The parties have two primary disagreements: (1) whether the Dealer Agreement is an enforceable contract; and (2) if so, whether the indemnity provision applies in these circumstances.1 In the first instance, the Sixth Circuit’s decision reversing my earlier summary judgment ruling precludes re-argument of Bil-Jax’s position that the Dealer Agreement is not an enforceable contract. This conclusion is driven by the application of three appellate principles. The first two – the law of the case doctrine and the mandate rule – are related. The law of the case doctrine “precludes a court from reconsideration of issues decided at an early stage of the litigation, either explicitly or by necessary inference from the disposition.” Westside Mothers v. Olszewski, 454 F.3d 532, 538 (6th Cir. 2006) (citations and internal quotation marks omitted). “Pursuant to the law of the case doctrine, and the complementary mandate rule, upon remand the trial court is bound to proceed in accordance with the mandate and law of the case as established by the appellate court.” Id. Once a case is remanded by the appellate court, “[t]he trial court must implement both the letter and the spirit of the mandate, taking into account the appellate court’s

opinion and the circumstances it embraces.” United States v. Moored, 38 F.3d 1419, 1421 (6th Cir. 1994) (citation and internal quotation marks omitted).

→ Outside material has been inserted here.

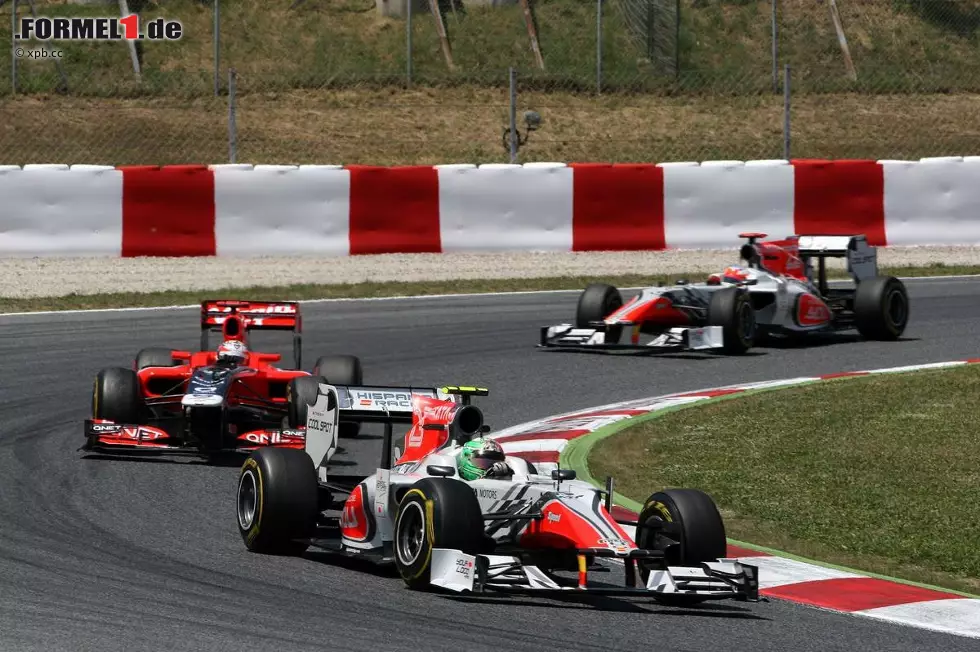 Foto zur News: Vitantonio Liuzzi (HRT) und Timo Glock (Marussia-Virgin)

1 Wiese has abandoned its claim for common-law indemnity. (Doc. No. 33 at 3, n.1; Doc. No. 48 at 1). The Sixth Circuit first determined, as the parties conceded in their supplemental briefing, that the statute of frauds does not apply to the indemnity provision. Wiese, 858 F. App’x at 911. But the circumstances on appeal also included Bil-Jax’s other arguments in support of its position that the Dealer Agreement, and consequently the indemnity provision, were unenforceable. (See Doc. No. 27-2; Doc. No. 34 at 6-10). A third appellate principle provides guidance on how to address these other arguments. The Sixth Circuit has routinely held it “‘can affirm a decision of the district

court on any grounds supported by the record, even if different from those relied on by the district court.’” Garza v. Lansing Sch. Dist., 972 F.3d 853, 877 (6th Cir. 2020) (quoting Brown v. Tidwell, 169 F.3d 330, 332 (6th Cir. 1999) (per curiam)). Yet, the Sixth Circuit declined to accept those alternate arguments as a reason to affirm my decision granting summary judgment in Bil-Jax’s favor. Instead, the Sixth Circuit noted that, under Ohio law, “a promise to indemnify . . . made directly to the party incurring the debt” is enforceable without a writing, and held: Here, Haulotte and Wiese specifically negotiated the indemnity clause.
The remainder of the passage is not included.